Start of Input data

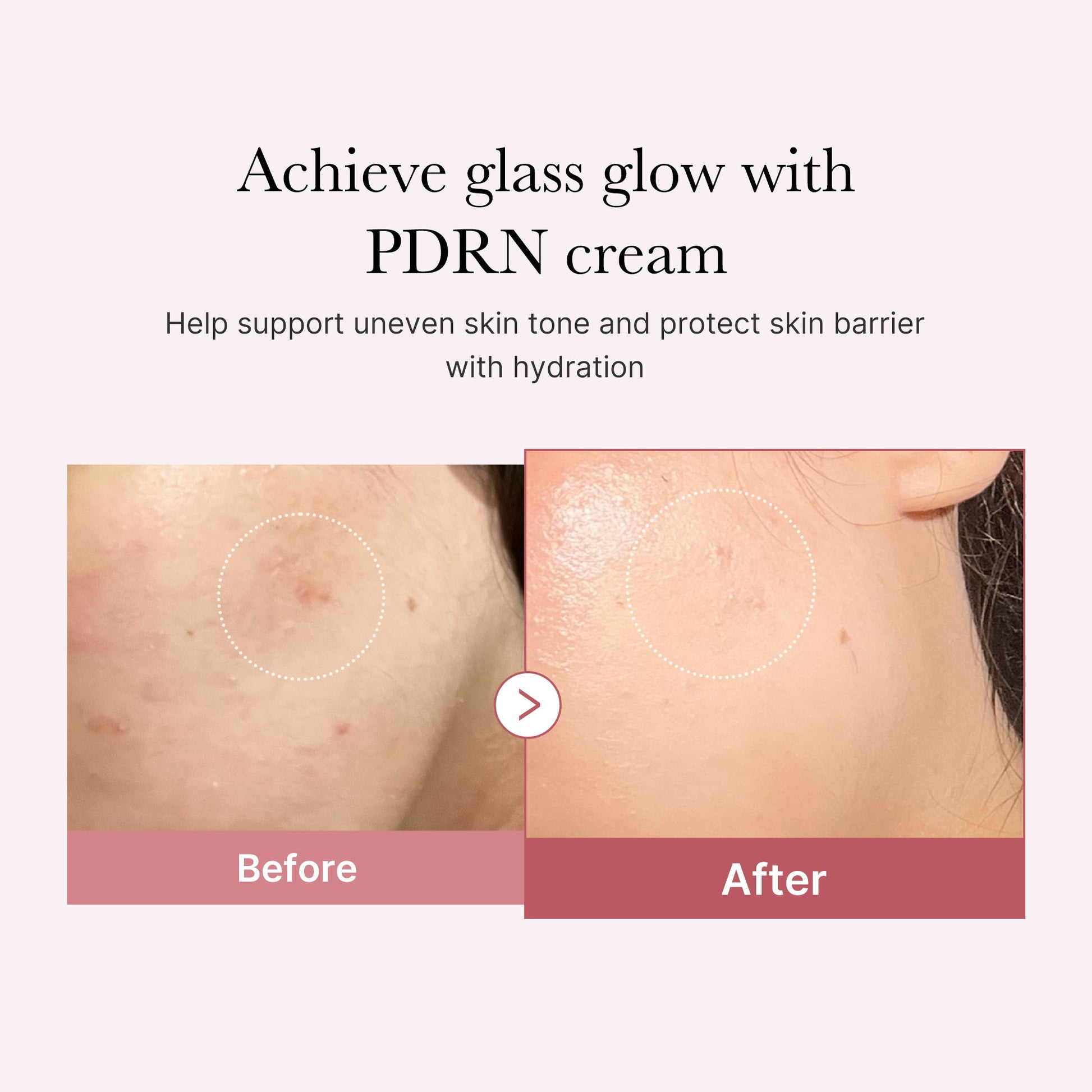 pdrn-pink-peptide-cream-u6 PDRN_02_d7805bfe-cf43-446a-b71b-a276683f136b.jpg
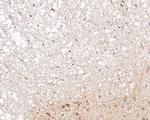 P2X3 Antibody in Immunohistochemistry (Paraffin) (IHC (P))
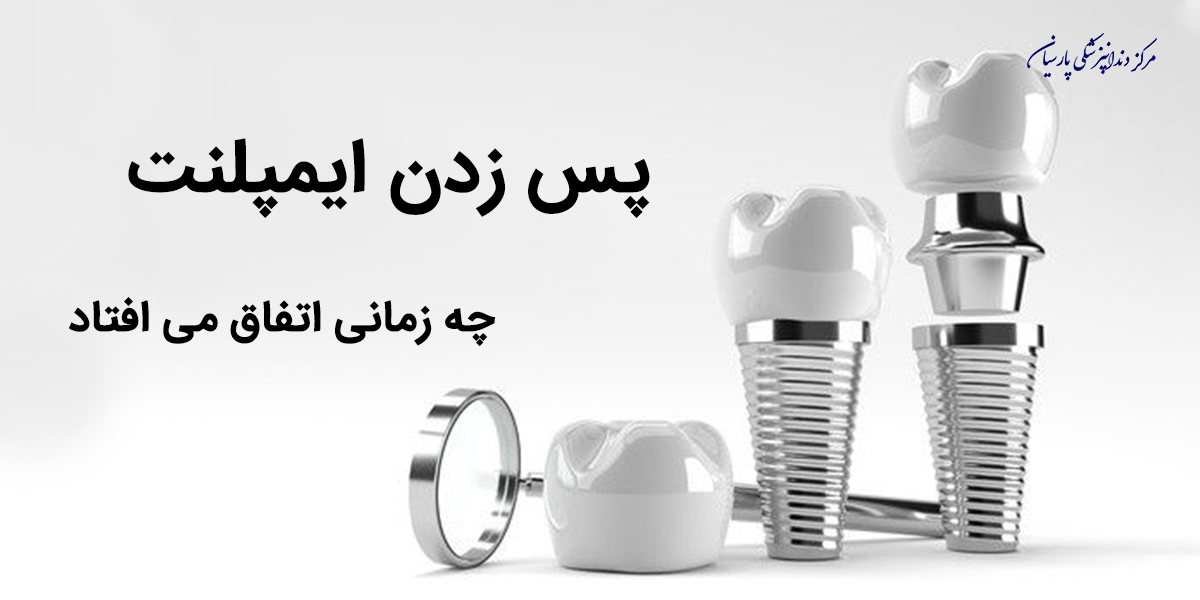 آیا میدانید پس زدن ایمپلنت چه زمانی اتفاق می افتد ؟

End of Input data

* The task
From the line holding "P2X3 Antibody in" through the last line of the material above, each line should be written out exactly, both included; omit the pictures.

* Output
 P2X3 Antibody in Immunohistochemistry (Paraffin) (IHC (P))
 آیا میدانید پس زدن ایمپلنت چه زمانی اتفاق می افتد ؟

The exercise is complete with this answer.